DataLad extension for code execution in get commands

Project description

DataLad extension for code execution in get commands

check codecov docs

CAUTION: Work-in-Progress!

This DataLad extension provides facilities to register arbitrary commands for files in git-annex, which are then executed if datalad get is called on those files (and they are not yet present).

How do I use this?

This extension provides a new high-level datalad command called getexec which can be used to register commands on files.

In the following we will assume that we have the extension installed and are inside a DataLad dataset.

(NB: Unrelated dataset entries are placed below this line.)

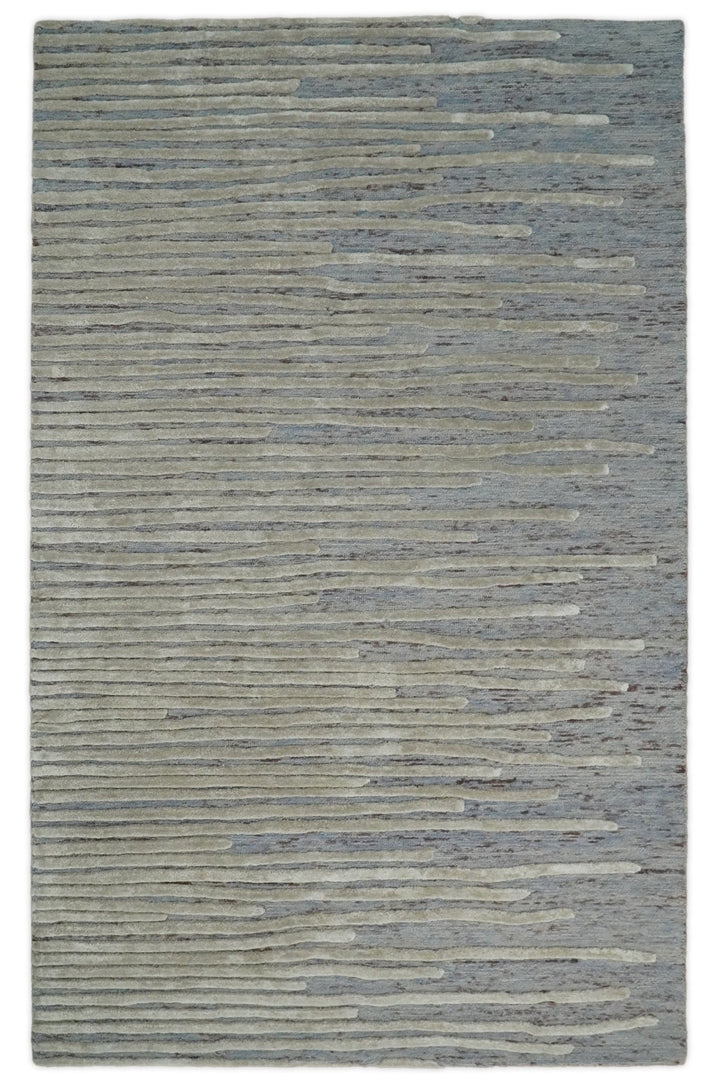 Beige and Blue Handmade 8x10 Wool and Silk Area rug made with fine wool - The Rug Decor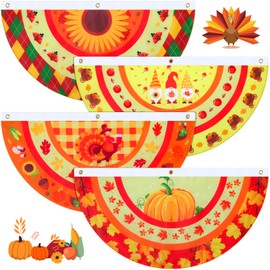 Breling 4 Pcs 1.5 x 3 Feet Fall Bunting Outdoor Flag for Outside Thanksgiving Pleated Fan Flag Pumpkin Turkey Yard Fall Hanging Banner Flag with Canvas Header and Metal Grommet for Holiday Decor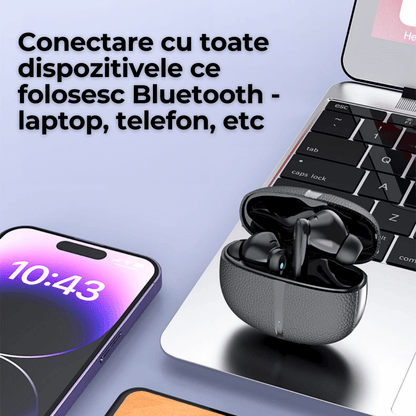 Casti wireless TehnoLab™ Pro, izolare fonica activa ANC, anularea zgomotului ENC dublu, calitate sunet HiFi lossless, heavy bass, rezistente la apa IPX7, fara fir, microfon incorporat, sport, gaming, Bluetooth 5.3, 25 ore autonomie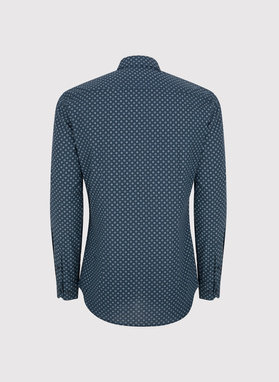 Granatowa koszula męska we wzór geometryczny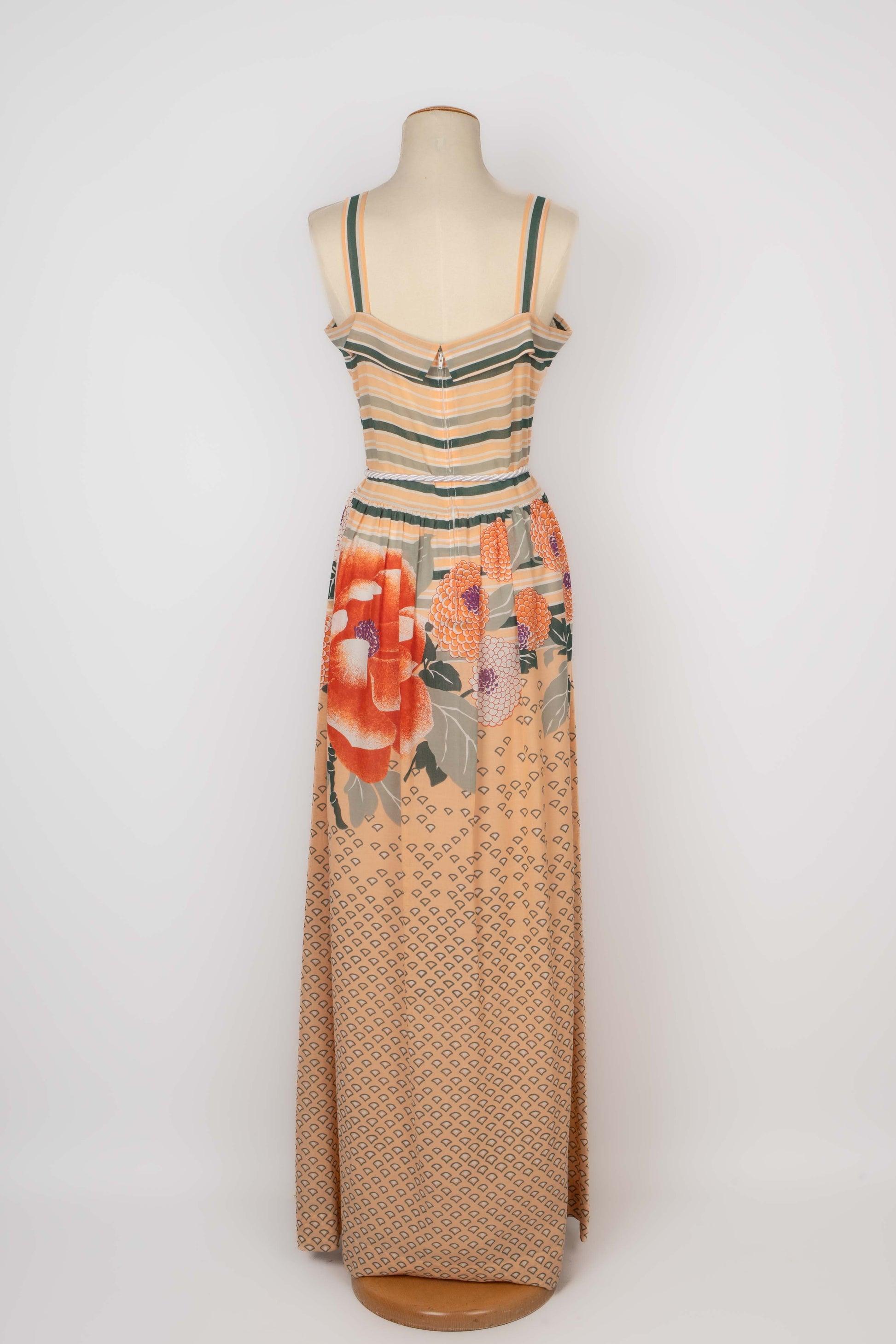 Brown Lanvin Long Pinky-beige and Green Crepe Dress For Sale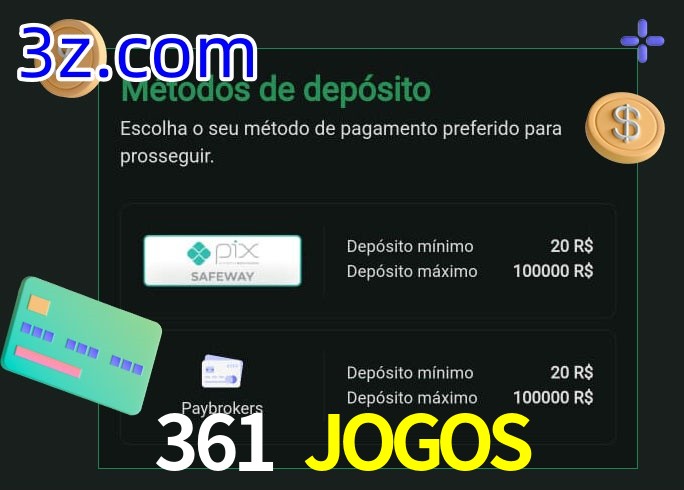 O cassino 361 JOGOS oferece uma grande variedade de métodos de pagamento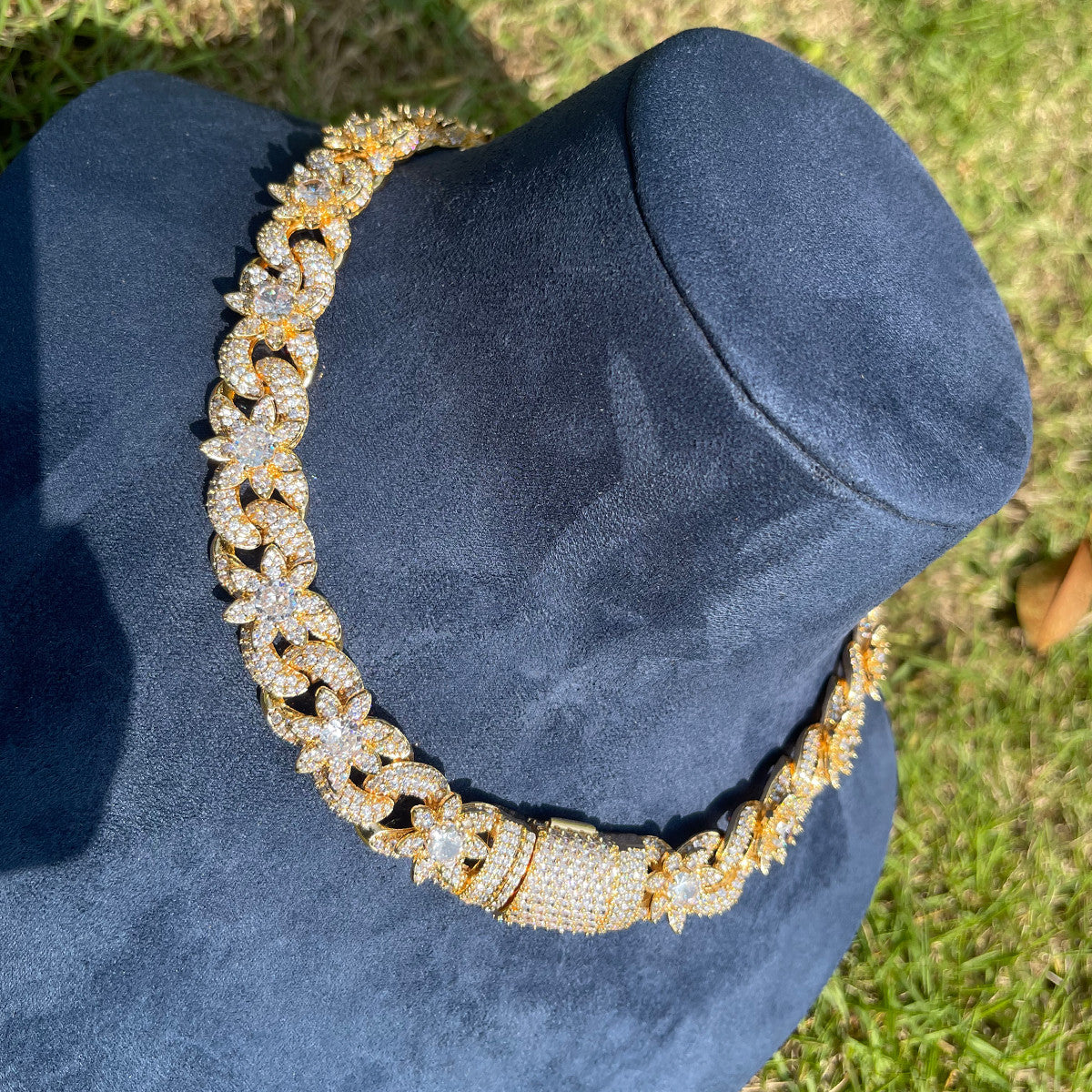 The Cuban Flower | Iced 24k Gold 925 Silver Sunflower Blinged Out Link Necklace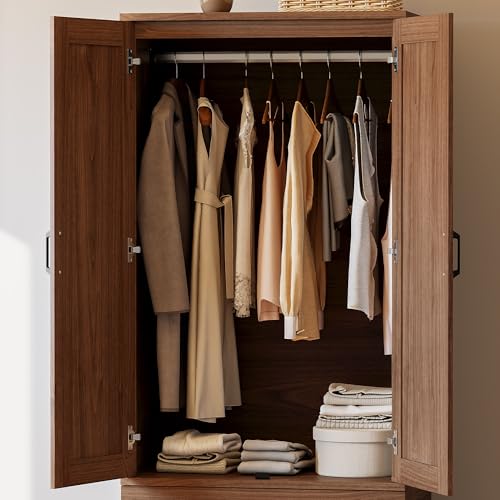 image for LIKIMIO Armoire Wardrobe Closet with 2 Doors and 2 Drawers 70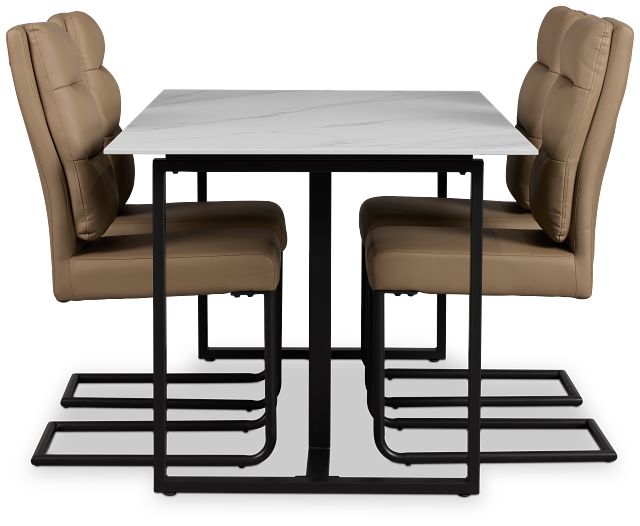 Paxton White Rect Table & 4 Taupe Upholstered Chairs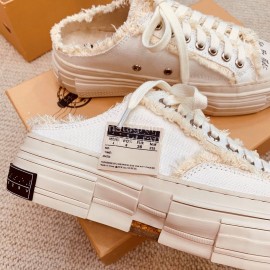 Xvessel Spring Summer New Thick Soled Canvas Shoes For Men And Women White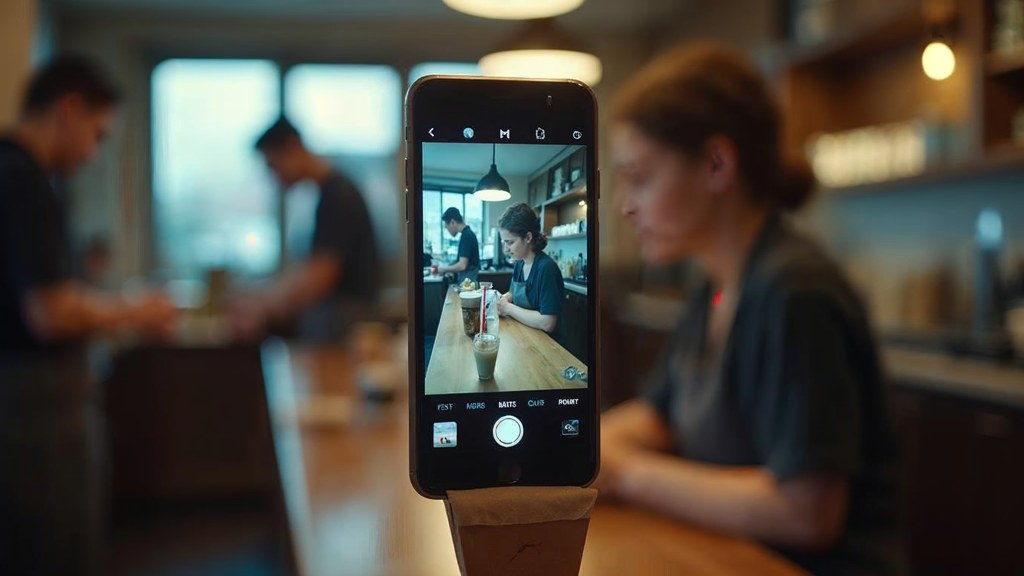 A young cafe worker filming a drink being poured on a phone propped against a napkin holder, photographed in Omaha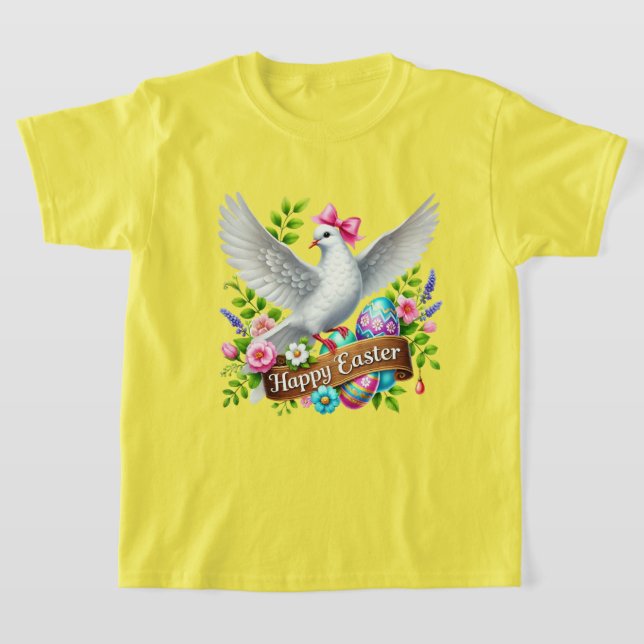 T-shirt Cute Happy Easter girls dove (Poser)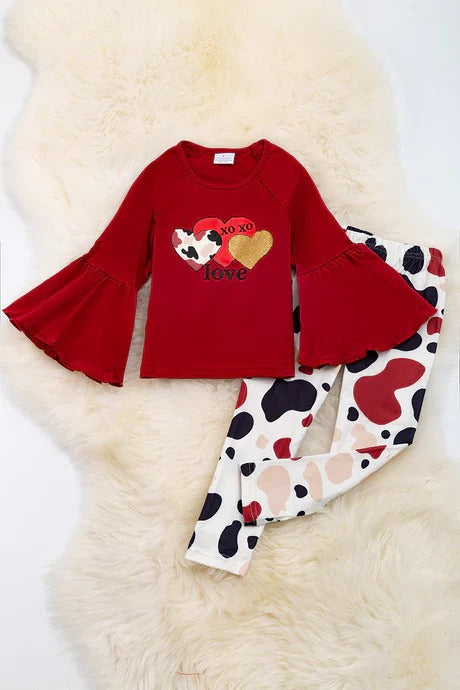XOXO Love Hearts Top W/ Printed Leggings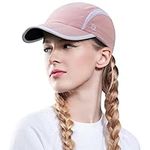 GADIEMKENSD Women's Foldable Light Cap Quick Dry Ultra-Thin Unstructured Tech Running Hat Reflective UPF 50+ Baseball Caps Cooling Ponytail Hats Fitted for Beach Tennis Travel Hiking Golf Pink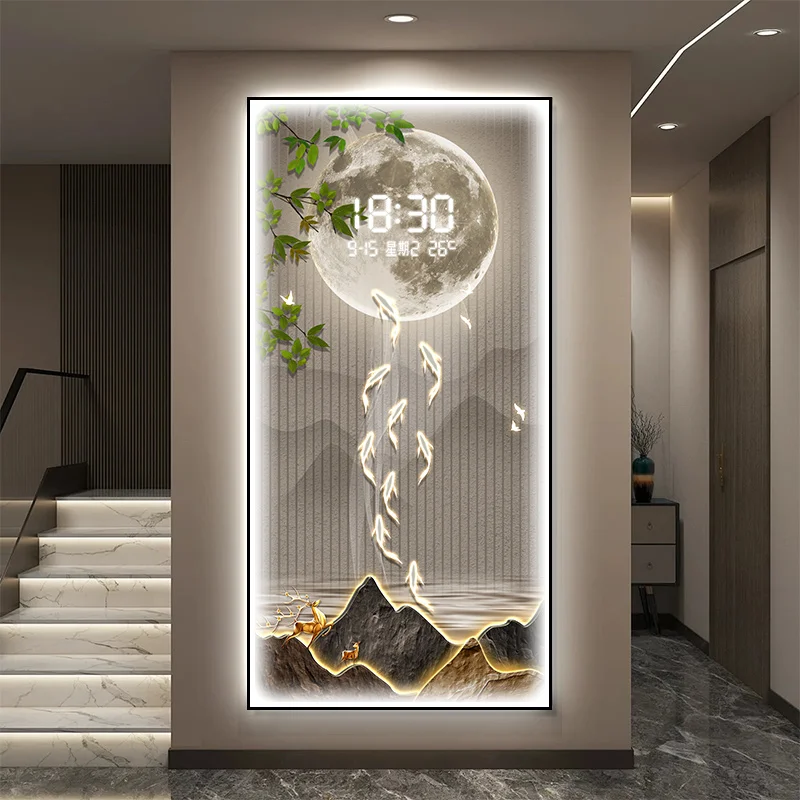 ديكورات الغرفة تصميم الغرفة الفاخرة الجدار المكونات في نموذج مع الضوء وجهاز التحكم عن بعد غرفة المعيشة الديكور ساعة الحائط الداخلية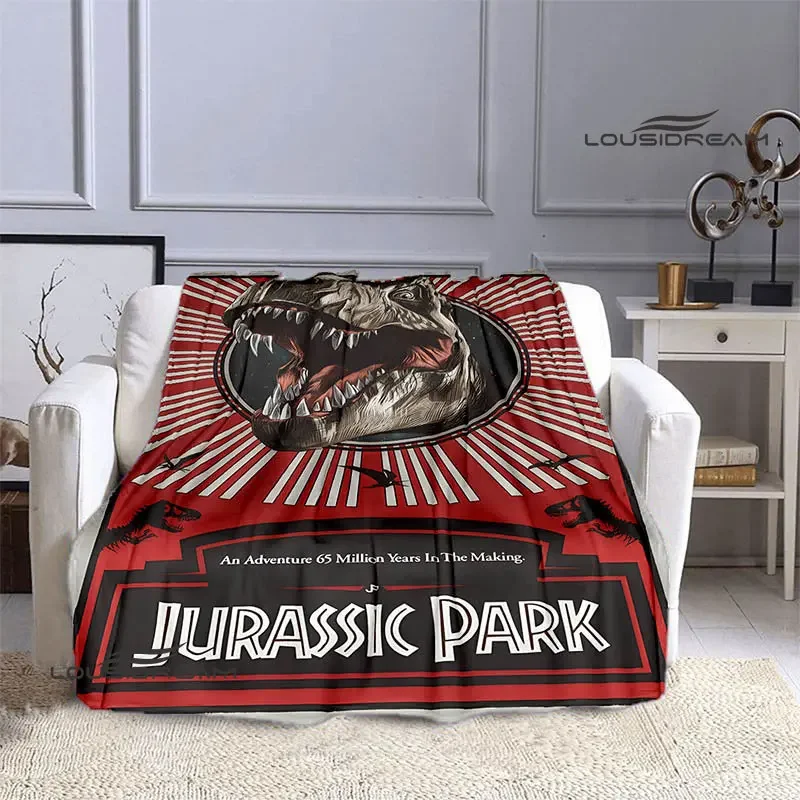 Jurassic Park Cartoon Printed Blankets Picnic blanket Flange Warm blanket Home travel blankets bed linings birthday gift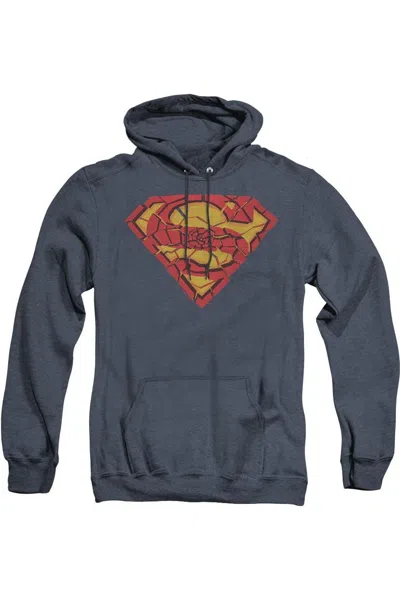 Gildan Superman Shattered Shield Adult Heather Hoodie / Hooded Sweatshirt In Blue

As a simple example, we can register a command that writes "Hello World!" into a text file called "test.txt":

datalad getexec --path test.txt -- 'bash' '-c' 'printf "Hello World!" > "$1"' 'test-cmd'

As a result of this, we now have the file "test.txt" with it's expected content. Since we told git-annex that we can recreate this file with the specified bash call, we can now safely drop the file and then automatically get it recreated:

datalad drop test.txt
datalad get test.txt

Since our registered program might depend on some other annex'ed files we can specify those dependencies as well:

datalad getexec --path depends-on-test.txt -i test.txt -- 'bash' '-c' '(cat test.txt; printf "\nMore Text.") > "$1"' 'test-cmd'

This way, if datalad get is called on "depends-on-test.txt" git-annex will make sure, that "test.txt" is present before executing the registered command. Therefore, the following will work:

datalad drop test.txt
datalad drop depends-on-test.txt
datalad get depends-on-test.txt

There are some limitations to what commands can be registered. First of all, there is no shell interpretation happening; the command is essentially passed verbatim to python's subprocess.run. This is why the examples above look a bit more complex with the call to bash. In the above examples, each quoted part after -- becomes one element in the list passed to subprocess.run. In practice, it would be a good idea to externalize the command into e.g. a shell script and have a single argument in the getexec call.

Second, the command is expected to always produce a single output file, the location of which is passed as the first (and only) argument to the command. This is the $1 in the bash calls above.

Lastly, since the command is executed in the context of a get, the resulting file is always expected to remain the same. This means that two consecutive calls to the command need to produce files with identical checksums, otherwise git-annex will complain. Essentially, the command is expected to behave somewhat like a pure function. If this does not fit your use-case you are probably looking for DataLad's builtin run and rerun.

How does it work?

This extension works by implementing a new git-annex special remote which kind of abuses the URL handling of git-annex. The special remote takes responsibility of all URLs with a scheme of "getexec:"; encoded inside of these URLs then is the necessary information to re-execute the registered command. The DataLad part of the extension simply takes the user input, generates a matching URL for it and then registers the URL with git-annex.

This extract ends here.